We believe this is essential for anyone working with AI in finance. Without appreciating the underlying business of investing, AI models risk becoming black boxes that look impressive in theory but fail in practice. By shedding light on the subtle but critical issues in quantitative investment design — from overfitting to diversification, from the illusion of normal distributions to the reality of risk of ruin — we provide context for why our platform is built the way it is: modular, transparent, and resilient.

The goal of this white paper is simple:
To help readers understand that using AI in asset management is not only about smarter algorithms — it’s about building systems that are grounded in strong investment fundamentals and designed to survive the real world of markets.

Chapter 1 Anything Can Happen – Why Backtests Always Look Amazing (Until They Don’t)

Quantitative investing often begins with a chart. A clean line moving steadily upward, showing what would have happened if only the strategy had been traded in the past. These simulated histories — backtests — are the first step for any systematic investor. They are meant to answer a simple question: does this idea work?

But here lies the first trap: almost every backtest looks like it works. And the reasons why they look so good reveal one of the biggest pitfalls in quantitative finance.

Not all backtests are created equal. The most common — and most misleading — are those built on the optimization period. Here the parameters of a strategy are tuned directly on the same data being evaluated, ensuring that the model fits history almost perfectly. The result is not insight, but illusion: a curve designed to look flawless because it was sculpted to the past. In this sense, the optimization-period backtest is not a test at all — it is a lie.

A more honest approach is to separate a test period — data unseen during optimization — to evaluate the strategy’s robustness. This is indeed better, and it often exposes fragilities hidden in the optimized version. Yet even test-period results are not a guarantee. They are still based on yesterday’s conditions, which may not reflect tomorrow’s. As we’ll explore in the next chapter, even strong performance on a clean test set can mask structural risks that lead to ruin.

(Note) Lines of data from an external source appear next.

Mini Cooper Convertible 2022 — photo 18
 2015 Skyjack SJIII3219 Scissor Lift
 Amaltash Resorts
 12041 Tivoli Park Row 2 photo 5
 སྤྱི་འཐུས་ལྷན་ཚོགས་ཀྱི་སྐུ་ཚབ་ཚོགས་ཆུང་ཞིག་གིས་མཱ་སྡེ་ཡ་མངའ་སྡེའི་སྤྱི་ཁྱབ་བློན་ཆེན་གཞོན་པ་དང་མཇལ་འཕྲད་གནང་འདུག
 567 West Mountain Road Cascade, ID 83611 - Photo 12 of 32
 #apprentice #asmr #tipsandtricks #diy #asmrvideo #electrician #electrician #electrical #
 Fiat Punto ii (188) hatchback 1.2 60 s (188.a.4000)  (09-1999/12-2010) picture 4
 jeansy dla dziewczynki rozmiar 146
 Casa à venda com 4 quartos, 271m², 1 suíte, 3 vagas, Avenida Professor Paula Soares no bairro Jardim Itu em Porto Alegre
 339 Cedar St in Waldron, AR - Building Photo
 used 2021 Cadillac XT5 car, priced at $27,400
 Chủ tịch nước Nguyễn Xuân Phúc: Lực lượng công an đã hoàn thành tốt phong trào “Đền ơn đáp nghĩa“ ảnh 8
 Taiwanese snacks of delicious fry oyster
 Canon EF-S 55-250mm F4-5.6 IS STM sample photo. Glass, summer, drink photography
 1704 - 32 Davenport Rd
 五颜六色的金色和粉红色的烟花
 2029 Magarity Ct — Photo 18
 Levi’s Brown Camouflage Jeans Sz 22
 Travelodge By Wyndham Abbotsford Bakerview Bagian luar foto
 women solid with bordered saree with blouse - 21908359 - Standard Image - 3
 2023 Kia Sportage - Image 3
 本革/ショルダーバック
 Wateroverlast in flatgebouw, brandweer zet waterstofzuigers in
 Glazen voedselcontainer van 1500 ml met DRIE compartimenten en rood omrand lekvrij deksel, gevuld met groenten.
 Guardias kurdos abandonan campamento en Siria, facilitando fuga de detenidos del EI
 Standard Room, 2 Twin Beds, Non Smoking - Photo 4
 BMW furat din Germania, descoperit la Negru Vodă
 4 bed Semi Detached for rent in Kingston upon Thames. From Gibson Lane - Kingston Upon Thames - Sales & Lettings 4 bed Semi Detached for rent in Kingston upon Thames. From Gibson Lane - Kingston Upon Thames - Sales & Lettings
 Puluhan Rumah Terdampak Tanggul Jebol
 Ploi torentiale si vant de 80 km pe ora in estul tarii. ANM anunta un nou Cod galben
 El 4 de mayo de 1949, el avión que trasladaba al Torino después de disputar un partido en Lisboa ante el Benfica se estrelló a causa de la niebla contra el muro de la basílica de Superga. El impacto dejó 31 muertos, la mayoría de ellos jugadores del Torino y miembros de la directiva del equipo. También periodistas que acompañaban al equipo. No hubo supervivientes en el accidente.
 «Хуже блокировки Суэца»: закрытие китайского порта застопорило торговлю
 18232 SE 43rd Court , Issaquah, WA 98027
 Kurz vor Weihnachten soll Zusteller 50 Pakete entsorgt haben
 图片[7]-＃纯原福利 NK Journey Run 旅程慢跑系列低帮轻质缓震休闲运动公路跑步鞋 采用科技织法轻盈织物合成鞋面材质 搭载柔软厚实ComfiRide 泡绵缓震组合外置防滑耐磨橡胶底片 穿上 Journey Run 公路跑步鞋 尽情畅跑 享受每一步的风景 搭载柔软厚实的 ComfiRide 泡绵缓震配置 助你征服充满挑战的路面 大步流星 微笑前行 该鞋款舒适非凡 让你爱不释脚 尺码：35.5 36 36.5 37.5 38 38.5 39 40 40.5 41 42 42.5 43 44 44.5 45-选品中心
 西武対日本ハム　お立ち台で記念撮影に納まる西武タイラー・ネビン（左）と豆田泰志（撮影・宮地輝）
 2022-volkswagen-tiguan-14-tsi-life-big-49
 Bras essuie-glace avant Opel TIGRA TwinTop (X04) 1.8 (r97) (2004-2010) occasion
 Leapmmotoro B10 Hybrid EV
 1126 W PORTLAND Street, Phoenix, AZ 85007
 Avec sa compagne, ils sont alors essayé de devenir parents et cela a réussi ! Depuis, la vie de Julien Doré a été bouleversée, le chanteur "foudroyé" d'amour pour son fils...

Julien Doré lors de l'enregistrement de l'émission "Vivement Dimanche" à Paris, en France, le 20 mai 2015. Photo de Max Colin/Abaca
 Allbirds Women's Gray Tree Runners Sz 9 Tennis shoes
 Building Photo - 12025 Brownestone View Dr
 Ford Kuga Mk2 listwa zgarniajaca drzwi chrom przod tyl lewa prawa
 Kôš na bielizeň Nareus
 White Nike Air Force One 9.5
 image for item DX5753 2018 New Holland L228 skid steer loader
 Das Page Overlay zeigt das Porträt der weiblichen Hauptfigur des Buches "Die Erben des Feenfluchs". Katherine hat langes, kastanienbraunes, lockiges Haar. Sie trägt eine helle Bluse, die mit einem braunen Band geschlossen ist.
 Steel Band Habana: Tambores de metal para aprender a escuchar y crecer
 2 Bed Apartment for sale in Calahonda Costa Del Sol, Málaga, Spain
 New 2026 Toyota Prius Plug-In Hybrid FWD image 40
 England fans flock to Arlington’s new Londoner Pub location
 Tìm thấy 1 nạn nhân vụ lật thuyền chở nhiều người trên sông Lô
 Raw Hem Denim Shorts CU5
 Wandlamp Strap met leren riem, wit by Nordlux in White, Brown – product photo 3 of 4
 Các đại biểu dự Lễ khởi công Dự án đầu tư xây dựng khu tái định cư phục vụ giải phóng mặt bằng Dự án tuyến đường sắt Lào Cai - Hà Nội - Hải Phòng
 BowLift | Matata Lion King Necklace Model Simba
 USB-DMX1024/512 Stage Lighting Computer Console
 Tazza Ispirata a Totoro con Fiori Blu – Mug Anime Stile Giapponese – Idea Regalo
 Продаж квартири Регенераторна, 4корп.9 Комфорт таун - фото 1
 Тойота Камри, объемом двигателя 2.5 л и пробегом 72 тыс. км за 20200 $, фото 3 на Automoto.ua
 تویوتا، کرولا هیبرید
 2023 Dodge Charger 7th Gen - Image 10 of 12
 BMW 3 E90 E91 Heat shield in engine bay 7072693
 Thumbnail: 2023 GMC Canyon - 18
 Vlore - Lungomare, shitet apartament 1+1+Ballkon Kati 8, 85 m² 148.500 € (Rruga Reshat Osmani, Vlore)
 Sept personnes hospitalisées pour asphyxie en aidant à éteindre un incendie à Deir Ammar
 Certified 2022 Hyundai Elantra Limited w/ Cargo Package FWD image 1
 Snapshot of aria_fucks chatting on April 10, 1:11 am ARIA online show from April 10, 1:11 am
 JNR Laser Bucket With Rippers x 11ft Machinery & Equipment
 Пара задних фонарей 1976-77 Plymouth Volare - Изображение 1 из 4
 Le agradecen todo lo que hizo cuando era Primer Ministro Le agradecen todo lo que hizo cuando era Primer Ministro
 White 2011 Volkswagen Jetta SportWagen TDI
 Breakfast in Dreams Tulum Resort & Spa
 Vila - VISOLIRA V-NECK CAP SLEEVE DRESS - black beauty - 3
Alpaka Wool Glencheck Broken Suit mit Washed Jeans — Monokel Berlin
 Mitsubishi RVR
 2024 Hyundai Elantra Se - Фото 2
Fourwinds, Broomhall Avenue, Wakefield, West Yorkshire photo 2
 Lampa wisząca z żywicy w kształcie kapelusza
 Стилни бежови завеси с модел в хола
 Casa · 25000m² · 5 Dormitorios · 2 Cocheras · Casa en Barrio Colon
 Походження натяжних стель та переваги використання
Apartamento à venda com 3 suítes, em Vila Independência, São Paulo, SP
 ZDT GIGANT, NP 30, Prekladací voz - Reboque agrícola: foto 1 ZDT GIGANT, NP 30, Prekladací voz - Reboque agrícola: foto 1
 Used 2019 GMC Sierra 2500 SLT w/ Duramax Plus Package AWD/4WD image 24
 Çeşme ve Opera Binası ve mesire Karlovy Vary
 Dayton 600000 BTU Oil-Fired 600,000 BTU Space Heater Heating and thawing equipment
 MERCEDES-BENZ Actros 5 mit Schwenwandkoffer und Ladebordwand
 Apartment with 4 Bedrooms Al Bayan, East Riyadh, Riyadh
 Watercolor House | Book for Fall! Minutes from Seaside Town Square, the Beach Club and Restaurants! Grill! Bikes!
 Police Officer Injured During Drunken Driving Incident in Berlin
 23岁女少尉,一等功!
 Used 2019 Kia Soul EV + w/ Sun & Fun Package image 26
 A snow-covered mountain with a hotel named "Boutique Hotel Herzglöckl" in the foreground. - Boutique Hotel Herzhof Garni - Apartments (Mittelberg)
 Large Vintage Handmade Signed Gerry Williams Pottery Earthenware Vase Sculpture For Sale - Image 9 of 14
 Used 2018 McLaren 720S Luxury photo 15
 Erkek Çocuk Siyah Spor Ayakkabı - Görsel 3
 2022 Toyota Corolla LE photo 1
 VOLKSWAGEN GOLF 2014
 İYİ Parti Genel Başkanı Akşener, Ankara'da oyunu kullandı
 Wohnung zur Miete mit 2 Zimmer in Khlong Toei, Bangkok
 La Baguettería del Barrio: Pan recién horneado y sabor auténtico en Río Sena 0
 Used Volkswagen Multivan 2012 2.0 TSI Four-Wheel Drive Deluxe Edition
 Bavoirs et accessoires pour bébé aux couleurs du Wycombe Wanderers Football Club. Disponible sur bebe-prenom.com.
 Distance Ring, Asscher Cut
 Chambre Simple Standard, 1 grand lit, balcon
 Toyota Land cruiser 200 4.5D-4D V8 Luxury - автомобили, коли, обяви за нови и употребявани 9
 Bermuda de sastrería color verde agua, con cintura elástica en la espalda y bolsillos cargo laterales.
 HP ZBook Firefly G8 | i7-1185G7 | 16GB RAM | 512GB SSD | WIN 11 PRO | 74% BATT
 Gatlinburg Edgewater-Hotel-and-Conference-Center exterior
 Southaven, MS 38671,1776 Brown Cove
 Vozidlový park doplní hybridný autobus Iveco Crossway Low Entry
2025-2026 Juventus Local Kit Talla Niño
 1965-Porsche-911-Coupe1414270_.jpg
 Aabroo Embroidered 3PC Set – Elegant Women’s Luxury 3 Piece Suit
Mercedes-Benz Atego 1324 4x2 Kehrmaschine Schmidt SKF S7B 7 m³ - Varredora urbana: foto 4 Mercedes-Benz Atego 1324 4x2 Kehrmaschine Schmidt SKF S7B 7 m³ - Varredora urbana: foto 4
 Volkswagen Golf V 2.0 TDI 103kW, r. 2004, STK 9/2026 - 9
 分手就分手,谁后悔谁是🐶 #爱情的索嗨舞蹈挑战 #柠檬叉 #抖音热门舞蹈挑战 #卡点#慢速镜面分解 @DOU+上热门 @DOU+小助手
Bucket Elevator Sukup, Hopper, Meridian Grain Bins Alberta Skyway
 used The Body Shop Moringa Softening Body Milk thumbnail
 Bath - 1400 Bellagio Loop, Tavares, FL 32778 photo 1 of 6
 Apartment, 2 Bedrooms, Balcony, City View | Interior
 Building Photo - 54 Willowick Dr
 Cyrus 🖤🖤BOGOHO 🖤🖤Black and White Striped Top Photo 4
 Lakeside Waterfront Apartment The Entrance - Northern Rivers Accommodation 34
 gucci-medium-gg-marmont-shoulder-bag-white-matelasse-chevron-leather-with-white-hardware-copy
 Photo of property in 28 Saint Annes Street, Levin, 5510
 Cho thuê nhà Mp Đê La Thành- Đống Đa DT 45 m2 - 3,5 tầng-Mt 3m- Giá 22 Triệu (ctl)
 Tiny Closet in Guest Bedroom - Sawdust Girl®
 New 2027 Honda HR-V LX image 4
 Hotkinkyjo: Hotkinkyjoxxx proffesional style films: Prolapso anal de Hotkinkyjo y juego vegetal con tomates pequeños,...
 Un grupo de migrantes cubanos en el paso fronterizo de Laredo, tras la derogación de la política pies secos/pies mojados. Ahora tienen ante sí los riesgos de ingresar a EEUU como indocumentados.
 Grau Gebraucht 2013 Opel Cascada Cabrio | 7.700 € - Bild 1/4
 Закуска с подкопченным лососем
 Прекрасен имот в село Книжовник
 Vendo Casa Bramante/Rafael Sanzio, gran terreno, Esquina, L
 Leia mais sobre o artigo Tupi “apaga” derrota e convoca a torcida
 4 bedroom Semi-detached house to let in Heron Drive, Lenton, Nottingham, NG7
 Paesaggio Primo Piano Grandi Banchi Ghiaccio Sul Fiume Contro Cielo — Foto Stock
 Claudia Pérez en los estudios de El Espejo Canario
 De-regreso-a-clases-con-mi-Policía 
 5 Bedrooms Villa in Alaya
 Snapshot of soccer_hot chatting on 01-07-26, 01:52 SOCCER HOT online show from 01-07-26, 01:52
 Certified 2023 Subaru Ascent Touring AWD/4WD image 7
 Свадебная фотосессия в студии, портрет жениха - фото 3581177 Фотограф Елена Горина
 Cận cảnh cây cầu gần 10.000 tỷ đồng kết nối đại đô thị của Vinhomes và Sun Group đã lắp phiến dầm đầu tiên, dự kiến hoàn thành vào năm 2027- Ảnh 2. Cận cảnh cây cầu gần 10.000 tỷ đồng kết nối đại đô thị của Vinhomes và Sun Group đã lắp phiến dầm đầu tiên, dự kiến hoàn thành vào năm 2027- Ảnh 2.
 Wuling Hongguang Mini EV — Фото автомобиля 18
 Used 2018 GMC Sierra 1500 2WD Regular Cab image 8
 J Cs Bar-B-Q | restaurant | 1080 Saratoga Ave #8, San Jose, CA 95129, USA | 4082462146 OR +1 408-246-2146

Backtests are seductive because they compress years of hypothetical trading into one elegant line. They suggest repeatability, objectivity, inevitability. But what they actually reflect are layers of assumptions: about how data is cleaned, how trades are executed, how costs are modeled, and how risks unfold. The chart does not tell you whether the system will survive tomorrow’s chaos. It only shows how it would have fared in yesterday’s order.

The Hidden Fragility of “Perfect” Performance

The deeper danger of backtests is that they almost always benefit from hindsight — even when the designer tries to be careful. Parameters are adjusted to fit the historical data. Rare events that never happened in the dataset are ignored. Structural changes in market regimes are invisible because they haven’t yet occurred.

This creates a paradox: the more time you spend “improving” a backtest, the more impressive it looks, but the less realistic it becomes. A strategy that perfectly fits the past often performs poorly in the future, because it has learned yesterday’s noise, not tomorrow’s signal. As Nassim Nicholas Taleb points out in Antifragile, systems built to look smooth and efficient in stable conditions are often the least capable of withstanding disorder when it inevitably strikes. His proposed antidote — the “barbell strategy” — is not to seek perfection, but to build robustness by combining extreme safety on one side with calculated risk-taking on the other.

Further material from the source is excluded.